I have longed for revolution, but I was raised by careful parents that saw the martial gleam in my eye. They had had one of  my older brothers jump the fence, leave college, and join the Socialist Workers Party,  to struggle against the war in Vietnam. This led my father, in particular, to raise me with an ironic sense of history, and to distrust revolutions, and talk of revolt.

In my adolescence I could find no clear banner to follow, and under my parent's tutoring, I became less of a firebrand. I was still intensely interested in the world, and distressed by injustice and suffering.

I expressed this passion by becoming a bookseller 29 years ago, with my own shop 25 years ago, but  I avoided modern history when I read history, averting my gaze from most modern revolts.
But then I read 46 Pages, a history of 1776 and the impact of Common Sense on the American Revolution, by Scott Liell.

Most modern struggles against tyranny, against fascism, against governments that fire on unarmed protesters fail because they lack words. This history book demonstrated this by examining the beginning of the successful revolt of the American Colonies against the British in the late eighteenth century. This revolt was successful mostly because of the writing of one man, in one slim pamphlet.  So, a successful revolution needs words, paragraphs, a compelling argument  story to unite people into focused action.  The hidden story of the success of the American Revolution is Common Sense, and the man who wrote it, and his story.
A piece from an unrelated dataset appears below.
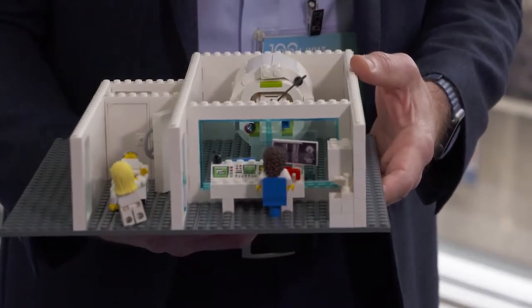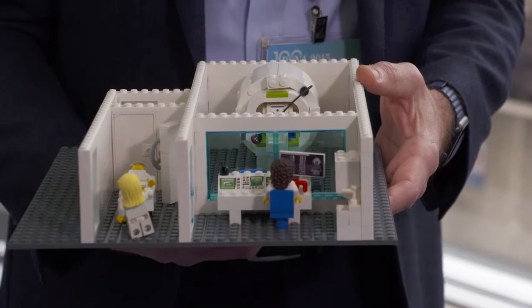We've got an interesting subject here to bring you. It's a Lego model of an MRI suite, and it's being demonstrated here at RSNA. Dr. Ranscher and Dr. Terrigan are going to tell us a little bit about why it was designed and what it's for.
Hitherto, before this pamphlet of 46 pages was published, the common colonist, except for a few firebrands like John Adams, were angry with Parliament, but loyal citizens of King George III.  This 46 page pamplet, written by a new arrival to the colonies, a middle-aged, poor man who had failed at other endeavors.

Thomas Paine was a widower, a Quaker, a man without a university education. He had spent most of his life 'just making corsets.'  This pamplet inflamed the colonies to a man. It was read in all the colonies, going though many printings. It was passed from hand to hand, and read aloud to the illiterate or those to whom English was a second language - a great percentage of the colonies spoke German and Dutch - read by ragged solders under the banner of George Washington, read, and read, and talked about.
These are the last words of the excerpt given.